Limitations of our study can stem from the source datasets. For example, autism datasets such as Sfari tend to contain data from clinical populations, and thus they could exclude individuals with mild levels of autism. Therefore, our models could also be biased towards severe autism levels. Another potential source for bias is the under-representation of certain groups such as minority groups from the datasets. This could affect the classification accuracy of models when it comes to those populations. The benefits of our approach include the ability for early identification and intervention. In the case of autism, such early interventions can improve therapy outcomes. Research has shown that involving pediatricians as initial diagnosticians in multidisciplinary evaluations for young children with ASD [51]. The biomarkers identified by our method could be used alongside other behavioral and brain imaging techniques as a comprehensive early diagnosis workflow. Since our method has good explainability through predictive features and t-SNE visualizations, it gives confidence to doctors and patients when used in a diagnostic setting.
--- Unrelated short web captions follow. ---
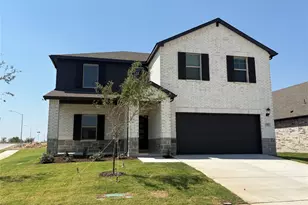 3201 Romero Plz, Fort Worth, TX 76179 - Photo 2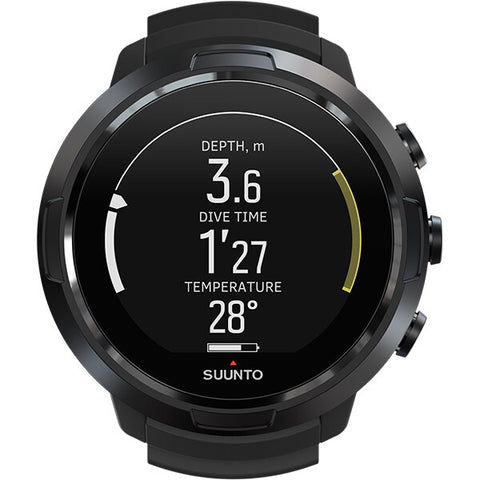 Smartwatch SS050192000 Smartwatch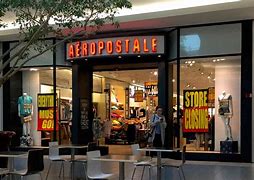 Image result for aeropostale stock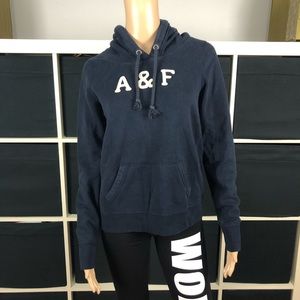 4/$25 Abercrombie & Fitch Pullover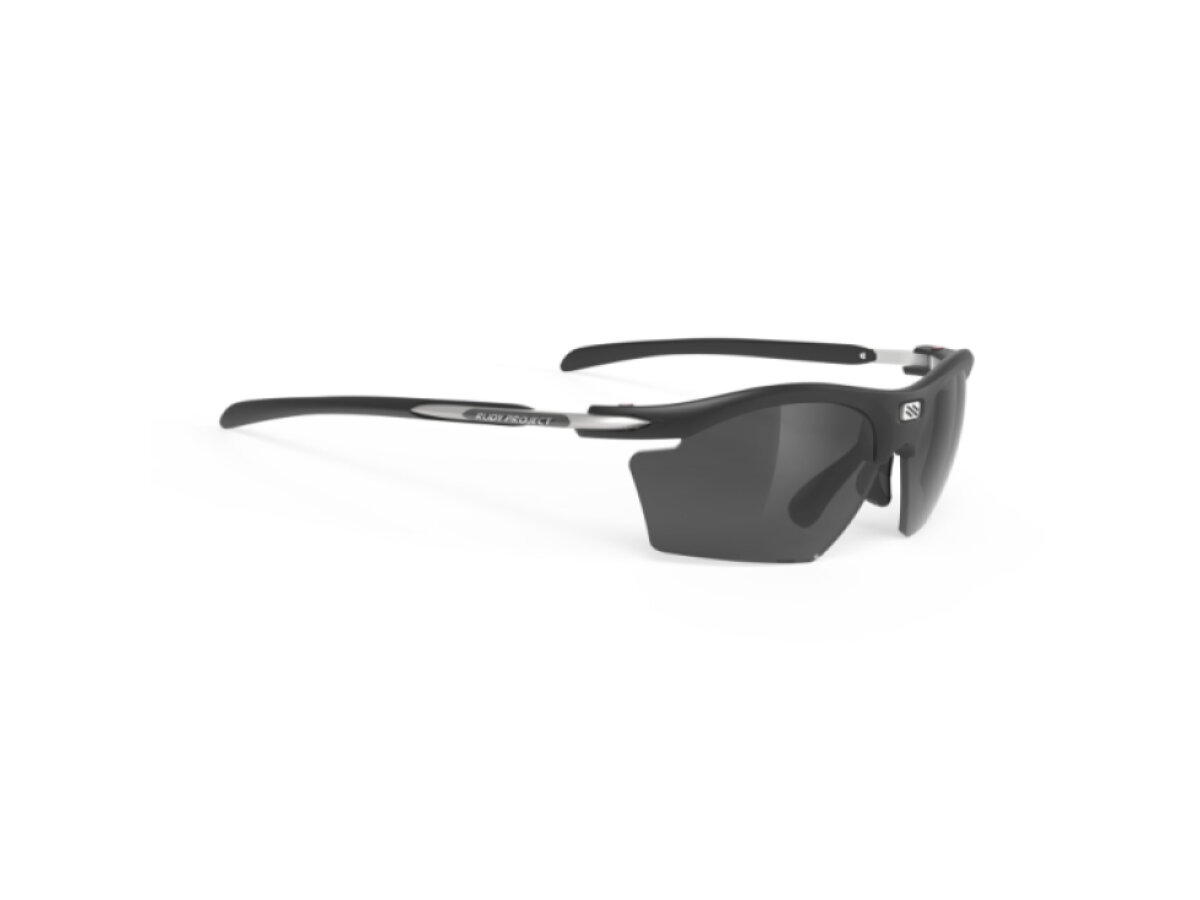 Rudy Project brýle Rydon Slim Black Matte (Polar 3Fx Grey)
Our method also holds promise for targeted therapeutic interventions for individuals with autism. Precision medicine approaches can be developed to target underlying genetic mechanisms contributing to ASD. This may include pharmacological interventions aimed at modulating neurotransmitter systems or gene therapy strategies to correct genetic abnormalities.

7. Conclusions

The experiment demonstrates the efficacy of graph neural networks in assessing the risk of gene association with ASD and identifying whether a gene is syndromic. Specifically, our findings highlight Graph Sage as particularly promising in uncovering correlations related to ASD. This success suggests broader applications of this model in diverse ASD-related domains, potentially including specific disorders within the autism spectrum. Moreover, the results indicate that leveraging networks can notably enhance model performance, motivating further exploration into more advanced graph neural network models. This groundwork lays a strong foundation for developing a robust tool to identify genes associated with neurological disorders.